Aiiighghghghhhhh!!!! Why, why, why do people keep saying this?!
Java is a compiled language. The Java source you write gets turned into native machine code. It's just that the compilation happens at runtime, unlike with many other languages where it happens earlier. Same process, different time.
Java is normally used as a compiled language, however it is not entirely accurate to say that it gets converted to native code always. It depends on what you are using to compile the source and run the resulting output.
If you use a standard Java compiler, the output is a JVM class file image consisting of byte-code instructions and meta-data. If this is then loaded in Sun's JVM for instance, it may be JIT compiled into native code--but it could also be interpreted. This depends on how the JVM instance is configured to use the JIT compiler.
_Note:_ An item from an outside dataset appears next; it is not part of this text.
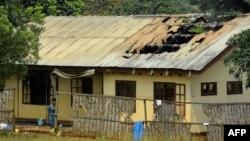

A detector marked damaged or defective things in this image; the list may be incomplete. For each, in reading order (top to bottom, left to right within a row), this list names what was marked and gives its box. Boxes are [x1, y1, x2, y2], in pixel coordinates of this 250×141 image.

There are other JVM implementations that in fact are just use an interpreter.
In fact there exists a Java compiler that emit native code statically too.
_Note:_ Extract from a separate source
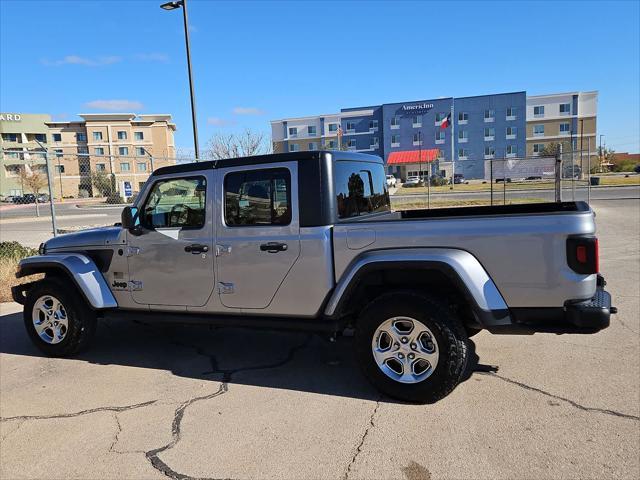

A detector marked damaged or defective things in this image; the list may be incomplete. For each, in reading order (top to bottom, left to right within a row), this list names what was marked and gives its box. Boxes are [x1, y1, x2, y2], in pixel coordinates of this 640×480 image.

cracked asphalt [0, 197, 636, 478]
The same goes for the Common Language Infrastructure (i.e..NET Framework), the MS implementation JIT compiles assemblies (the byte-code image of the CLI) into native code as needed. However, I believe GNU Portable.NET JIT compiles into another byte-code language (for the Converted Virtual Machine) and *if* a JIT compiler is available for the platform actually JIT compiles to native, otherwise uses an interpreter over the CVM byte-code.
Java is normally used as a compiled language, however it is not entirely accurate to say that it gets converted to native code always. It depends on what you are using to compile the source and run the resulting output.
If you use a standard Java compiler, the output is a JVM class file image consisting of byte-code instructions and meta-data. If this is then loaded in Sun's JVM for instance, it may be JIT compiled into native code--but it could also be interpreted. This depends on how the JVM instance is configured to use the JIT compiler. There are other JVM implementations that in fact are just use an interpreter.
In fact there exists a Java compiler that emit native code statically too.
The same goes for the Common Language Infrastructure (i.e.